= Noriko Nakagoshi =

Japanese actress (born 1979)

Noriko Nakagoshi (中越典子, Nakagoshi Noriko) is a Japanese actress.

==Biography==
Nakagoshi debuted as a model for ViVi magazine in 1999. She began acting the same year, making her acting debut as Midori Sato in the show Tengoku no Kiss. Her acting attracted her great attention and from there, she moved onto bigger roles. Her breakthrough role came in the 2003 NHK asadora, Kokoro, where she played the lead, Kokoro Suenaga. Since then she has acted in many dramas, films, and stage plays.

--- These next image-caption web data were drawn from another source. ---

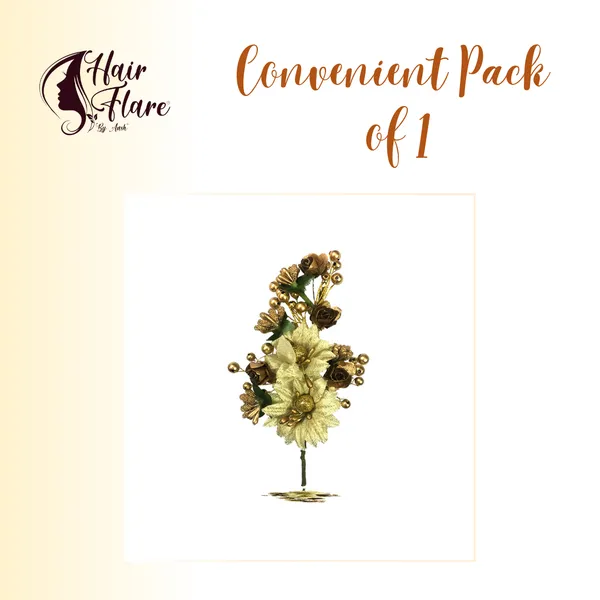 Gold_Women_Artificial_Flower_With_Pearls_Hair_Pin_For_Women_&_Girls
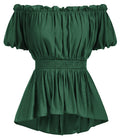 Emerald Peasant Blouse XL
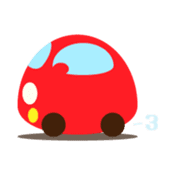 Cute Red Car sticker #128865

Since 2014, she has been married to actor Masaru Nagai.

== Select filmography ==

===Films===
- Strawberry Shortcakes (2006) as Chihiro
- Unholy Women (2006)
- Apartment 1303 (2007)
- Sugata Sanshiro (2007)
- Town of Evening Calm, Country of Cherry Blossoms (2007)
- 4 Shimai Tantei Dan (2008)
- Orochi: Blood (2008) as Risa Monzen
- The Lone Scalpel (2010) as Shōko Ōkawa
- Sekigahara (2017) as Hanano
- Roleless (2022)
- Shinpei (2025)

===Television===
- Hero (2001)
- Trick 2 (2002)
- Kokoro (2003), Kokoro Suenaga
- Pride (2004)
- Yoshitsune (2005), Kenreimon-in Tokuko
- Byakkotai (2007), Yamamoto Yaeko
- Tokusou 9 (2018-present)
- Kishiryu Sentai Ryusoulger (2019)
- The Sunflower Disappeared in the Rain (2022)
- Boogie Woogie (2023), Kinu Nishino
- No.1 Sentai Gozyuger (2025)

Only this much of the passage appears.